Events from tablets require a tool in proximity. Tools are also managed by the tablet seat; a “tool added” event is sent whenever a tool is new to the compositor. That event is followed by a number of descriptive events about the hardware; currently that includes capabilities, hardware id and serial number, and tool type. Similar to the tablet interface, a wp_tablet_tool.done event is sent to terminate that initial sequence.

Any event from a tool happens on the wp_tablet_tool interface. When the tool gets into proximity of the tablet, a proximity_in event is sent on the wp_tablet_tool interface, listing the tablet and the surface. That event is followed by a motion event with the coordinates. After that, it’s the usual motion, axis, button, etc. events. The protocol’s serialisation means events are grouped by wp_tablet_tool.frame events.

Two special events (that don’t exist in X) are down and up. They signal “tip touching the surface”. For tablets without real proximity detection, the sequence is: proximity_in, motion, down, frame.

When the tool leaves proximity, a proximity_out event is sent. If any button is still down, a button release event is sent before this proximity event. These button events are sent in the same frame as the proximity event to signal to the client that the buttons were held when the tool left proximity.

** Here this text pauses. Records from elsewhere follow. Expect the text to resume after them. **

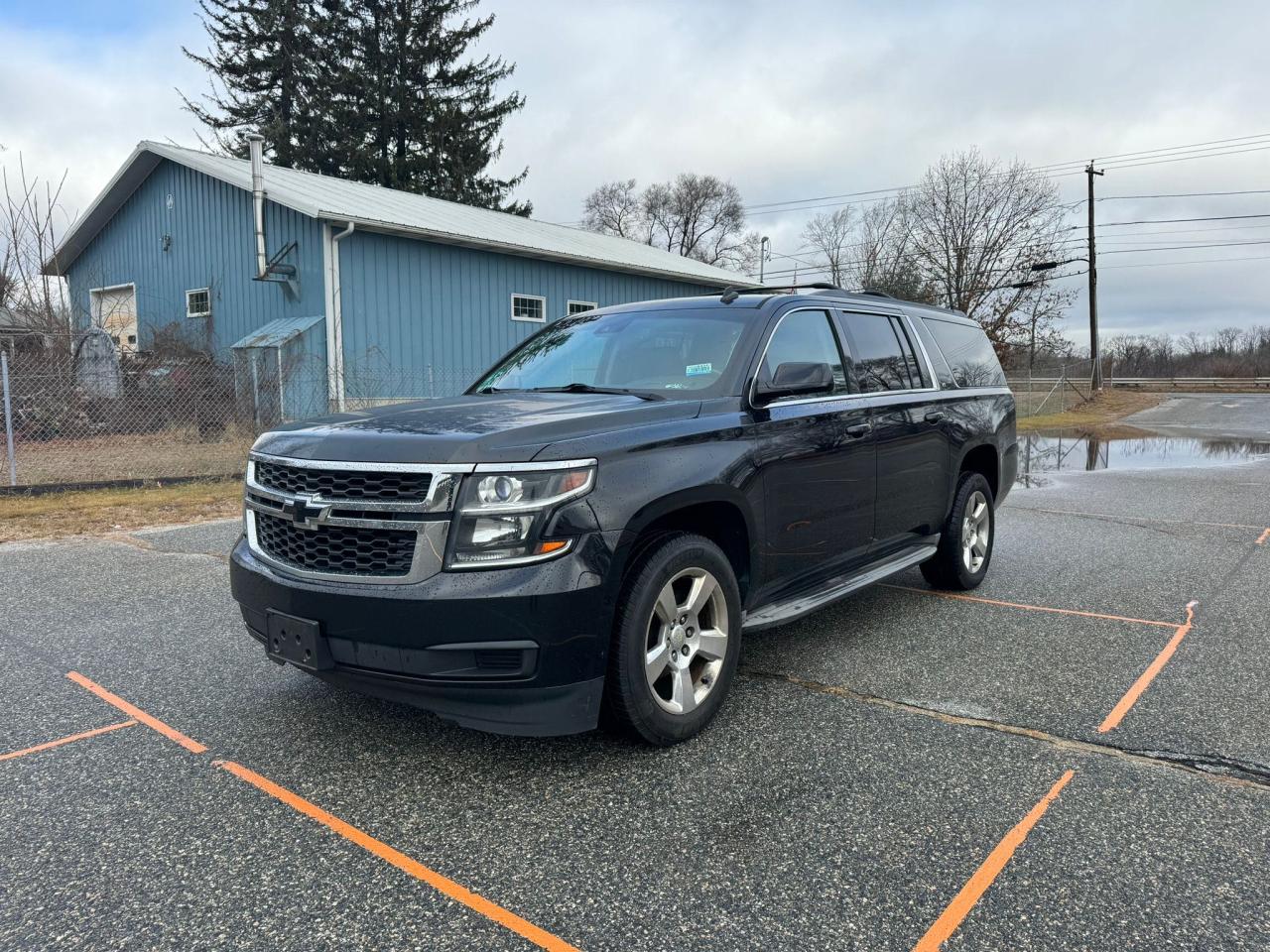 Изображение 2 2015 CHEVROLET SUBURBAN K1500 LT 2015 с VIN 1GNSKJKC6FR239760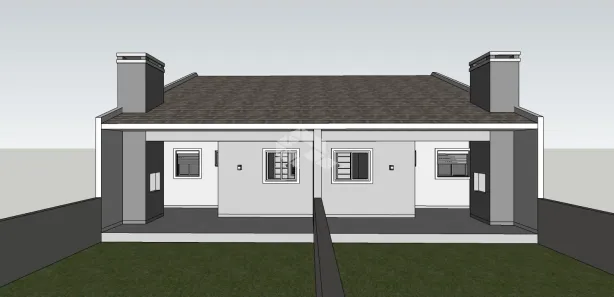 Casa com 2 Quartos à venda, 66m² no Imigrantes, Vera Cruz
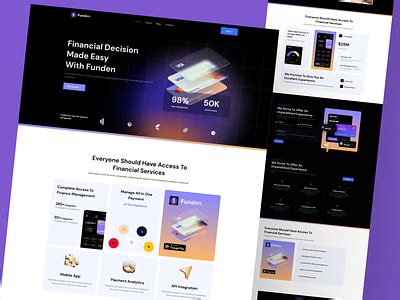 Fintech Product designs, themes, templates and downloadable graphic ...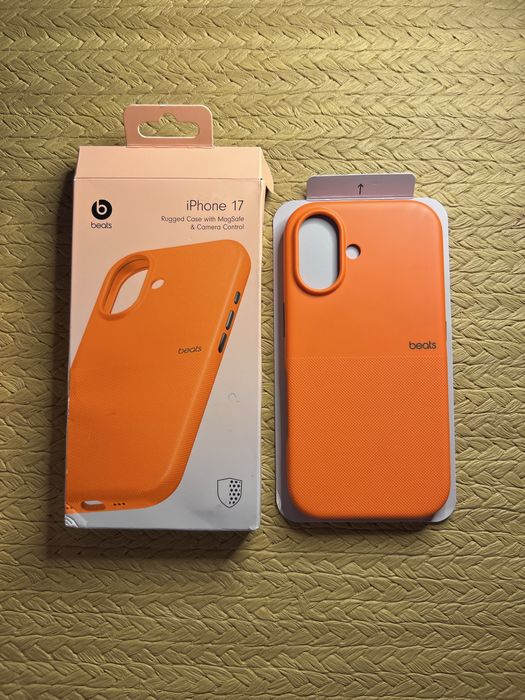 Etui Beats Apple do iPhone 17 Rugged / MagSafe! Nowe/ otwarte opakowanie!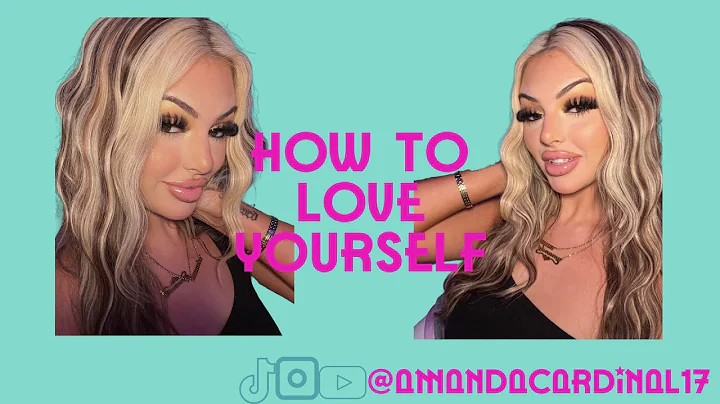 HOW TO LOVE YOURSELF. (MAKEUP TUTORIAL)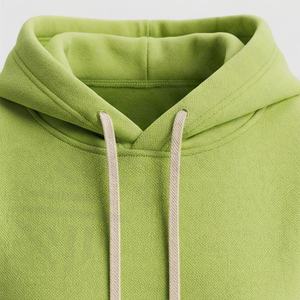 Conjunto de Dos Piezas de Sudadera con Capucha y Pantalones Deportivos para Mujer con Logotipo Personalizado, Estilo Holgado con Hombros Caídos, Felpa Gruesa de Algodón - Product Image 4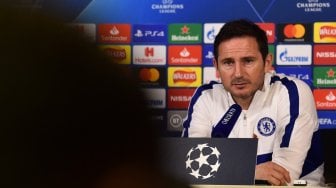 Hadapi Valencia, Frank Lampard Haramkan Kekalahan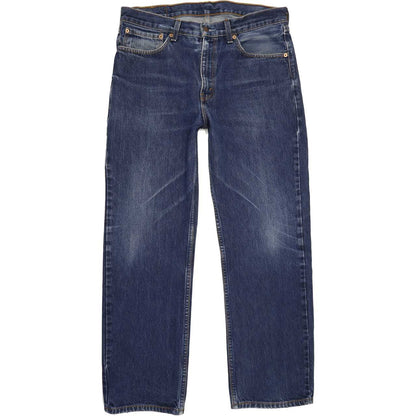 Levi's 751 Men Blue Straight Regular Jeans W34 L29
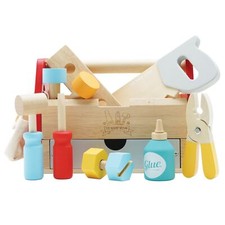Cars  Construction Educational Wooden Tool Box Play Set For Role Play  Boys Pr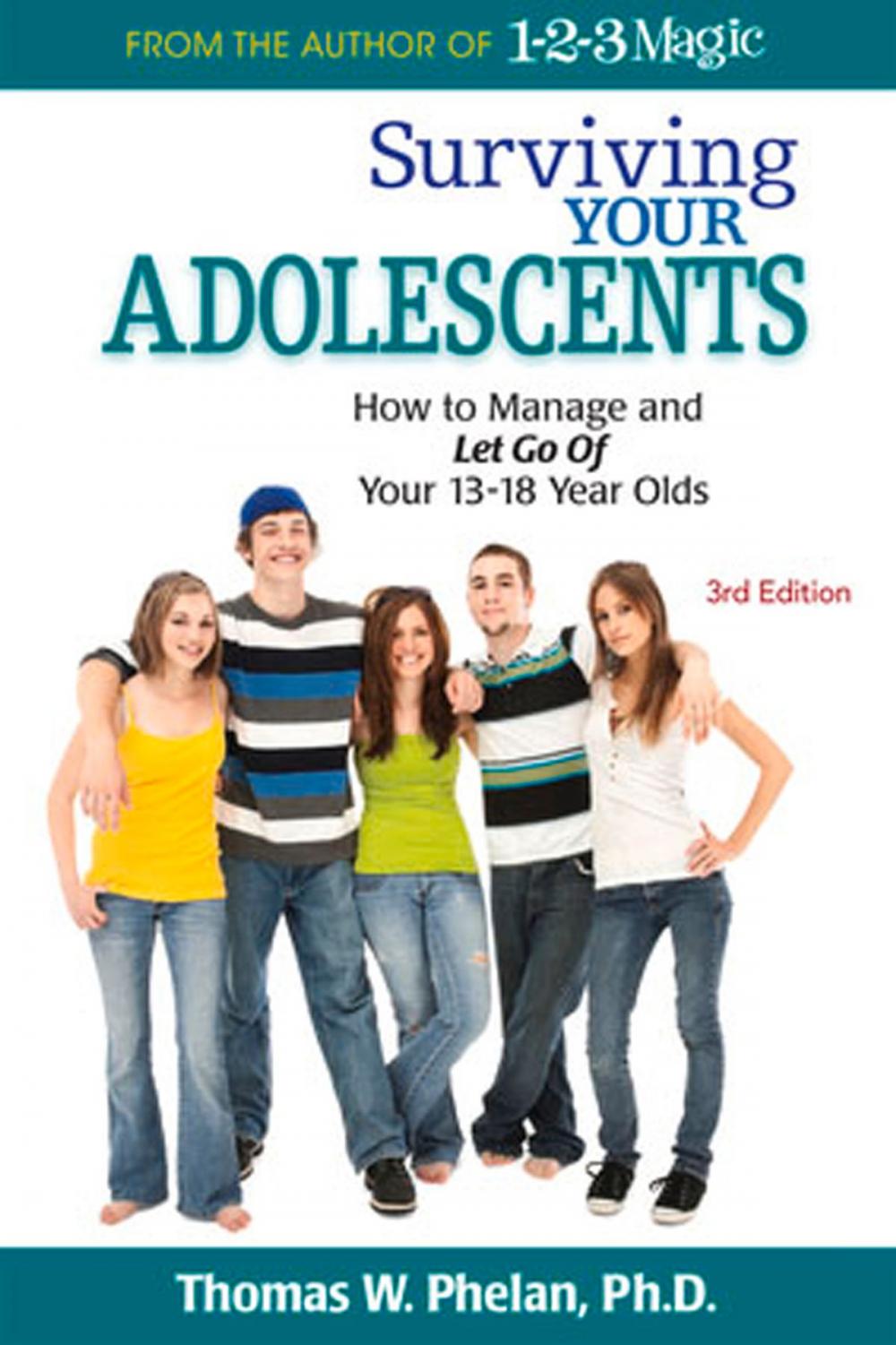 Big bigCover of Surviving Your Adolescents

If the tool moves out of the surface but stays in proximity (i.e. between windows), compositor-specific grab policies apply. This usually means that the proximity-out is delayed until all buttons are released.

Moving a tool physically from one tablet to the other has no real effect on the protocol, since we already have the tool object from the “tool added” event. All the information is already there and the proximity events on both tablets are all a client needs to reconstruct what happened.

Some extra axes are normalized, i.e. the client knows the range as specified in the protocol (e.g. [0, 65535]), the granularity however is unknown. The current normalized axes are pressure, distance, and slider.

Other extra axes are in physical units as specified in the protocol. The current extra axes with physical units are tilt, rotation and wheel rotation.

Since tablets work independently of the pointer controlled by the mouse, the focus handling is independent too and controlled by proximity. The wp_tablet_tool.set_cursor request sets a tool-specific cursor. This cursor surface may be the same as the mouse cursor, and it may be the same across tools but it is possible to be more fine-grained. For example, a client may set different cursors for the pen and eraser.

Tools are generally independent of tablets and it is compositor-specific policy when a tool can be removed. Common approaches will likely include some form of removing a tool when all tablets the tool was used on are removed.